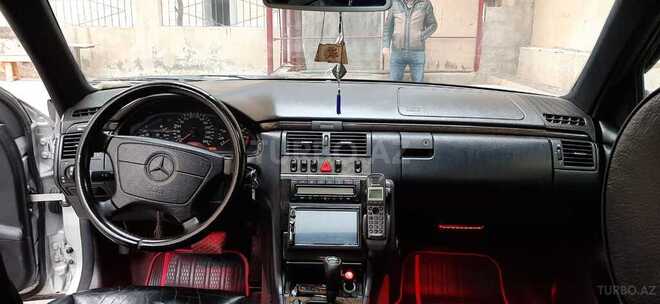 Mercedes E 320 1997, 321,000 km - 3.2 l - Bakı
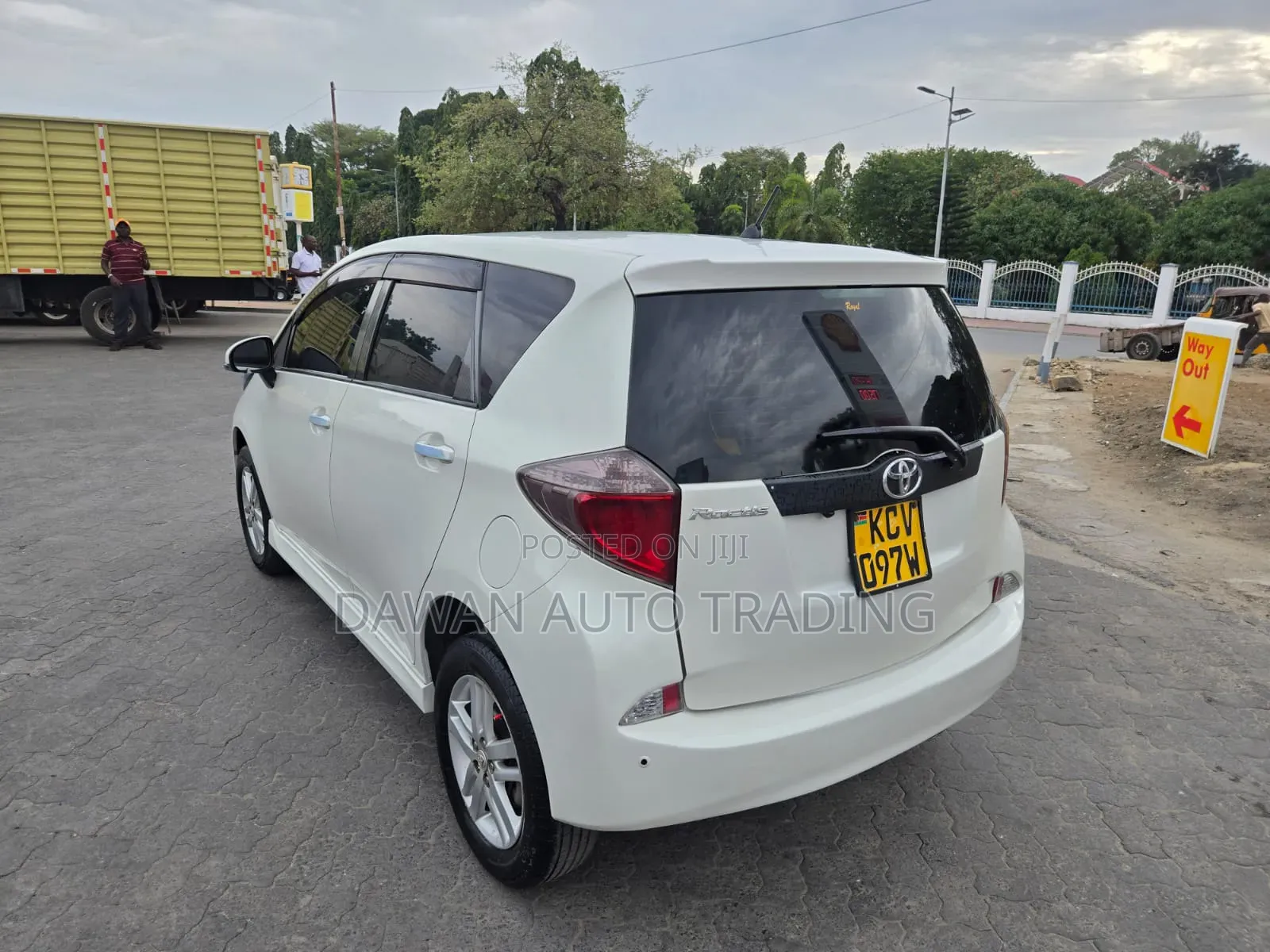 Toyota Ractis 2013 White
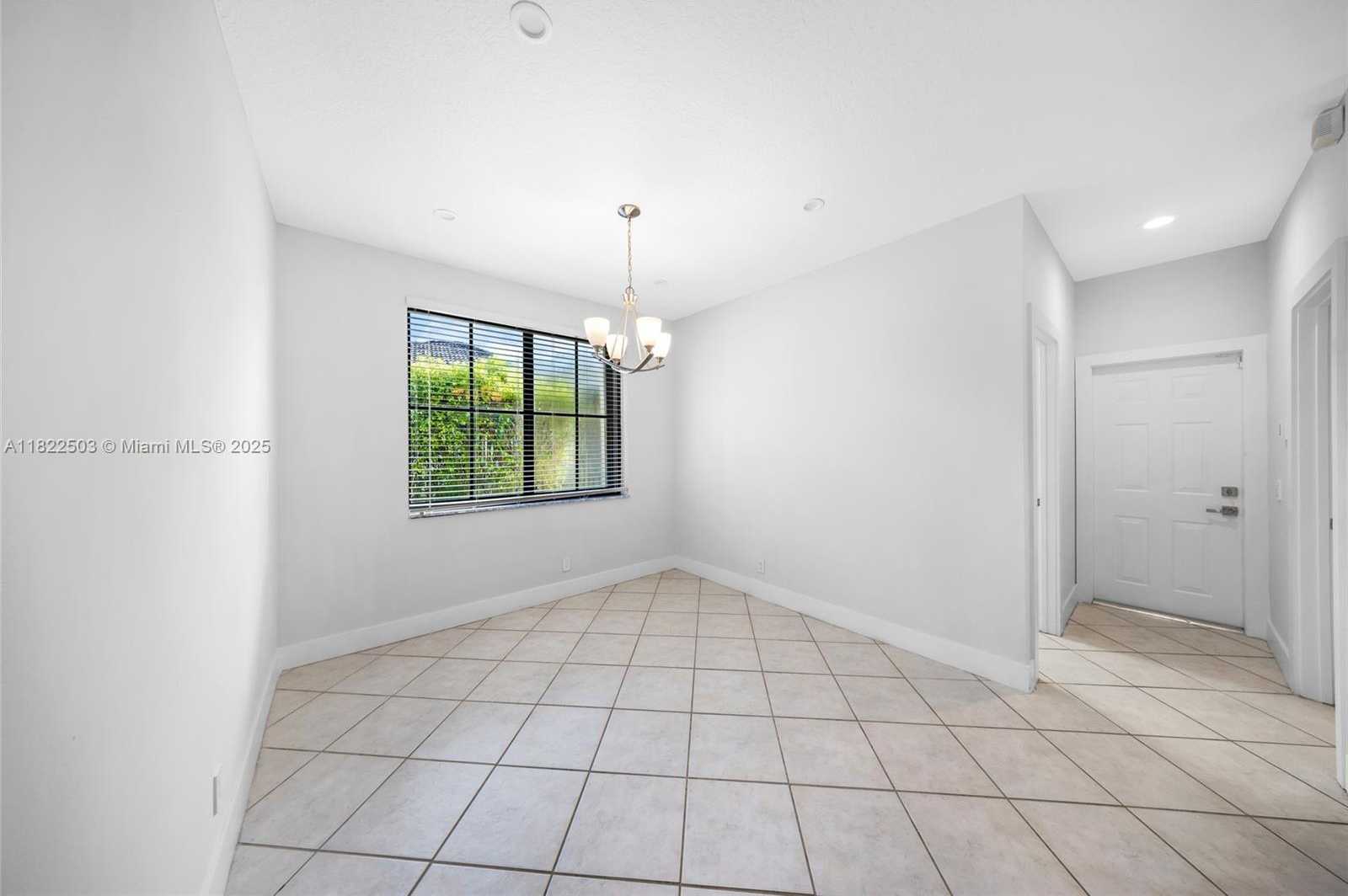Small Image of 1538 TAMARIND CT, Weston Number 38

DIRECTIONS: The lines above should be transcribed exactly, with every image removed.

TASK ANSWER:
 Mercedes E 320 1997, 321,000 km - 3.2 l - Bakı
 Toyota Ractis 2013 White
Small Image of 1538 TAMARIND CT, Weston Number 38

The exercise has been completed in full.